Provided material:
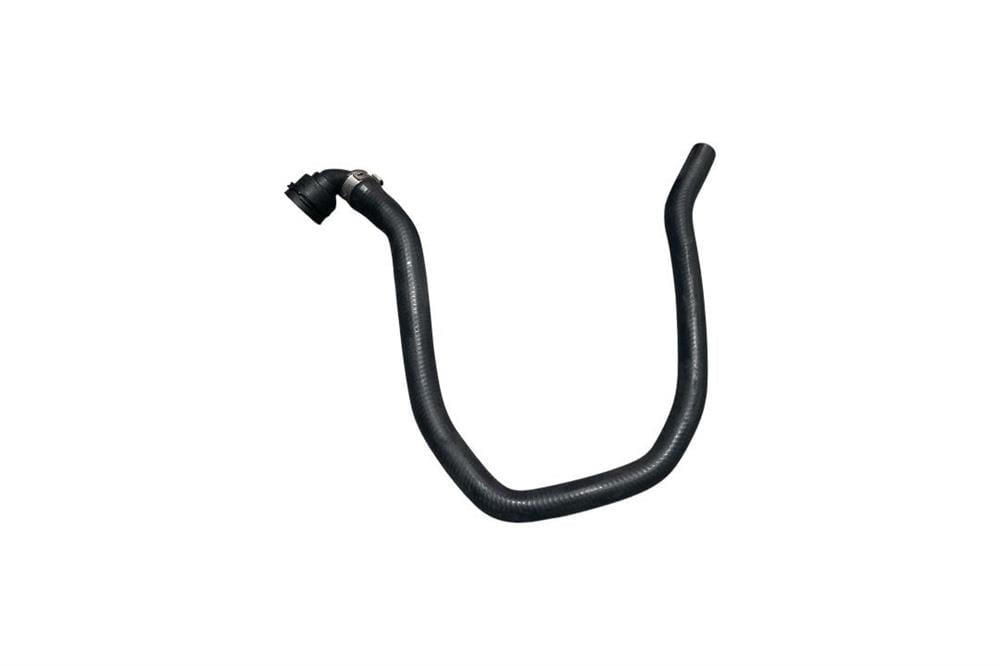 RADYATÖR SU DEPO HORTUMU BMW E53 X5 64218409066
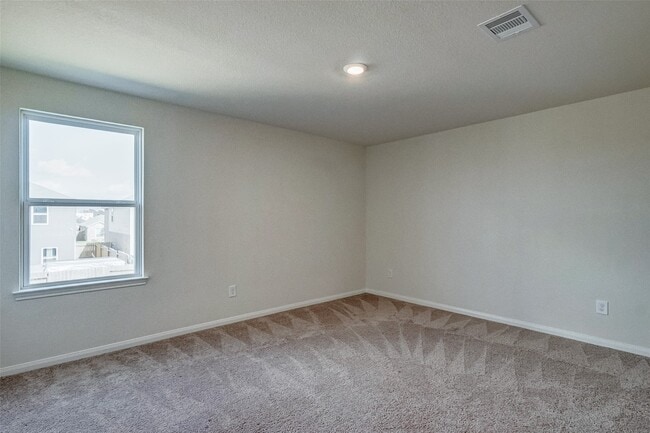 property at 20618 Bauer Gulch Dr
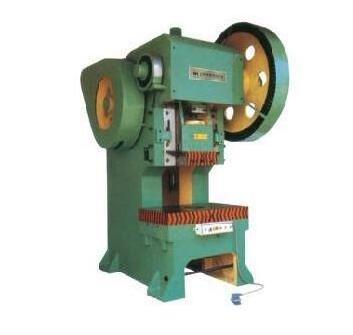 Press machine hydraulic Press for metal forming 250 ton cnc automatic hydraulic punching machine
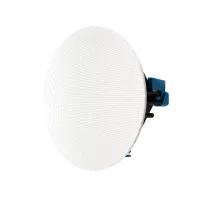 Paradigm Home H65-SM V2. Instalacyjny głośnik sufitowy. - 4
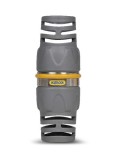 Cumpara ieftin Racord reparare metalic 12,5 15 mm Hozelock pentru grădinărit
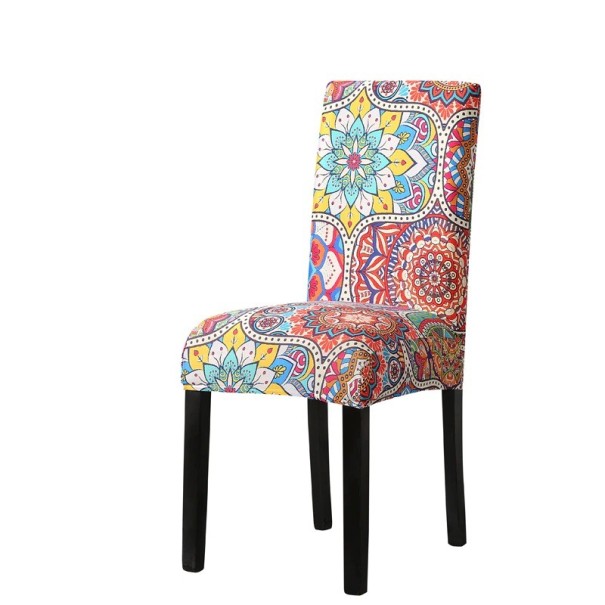 Funda de silla E2282 10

What you have to do: What is needed is every line of the data above, set down exactly but with the images left out.

Exercise answer:
 RADYATÖR SU DEPO HORTUMU BMW E53 X5 64218409066
 property at 20618 Bauer Gulch Dr
 Press machine hydraulic Press for metal forming 250 ton cnc automatic hydraulic punching machine
 Paradigm Home H65-SM V2. Instalacyjny głośnik sufitowy. - 4
 Cumpara ieftin Racord reparare metalic 12,5 15 mm Hozelock pentru grădinărit
 Funda de silla E2282 10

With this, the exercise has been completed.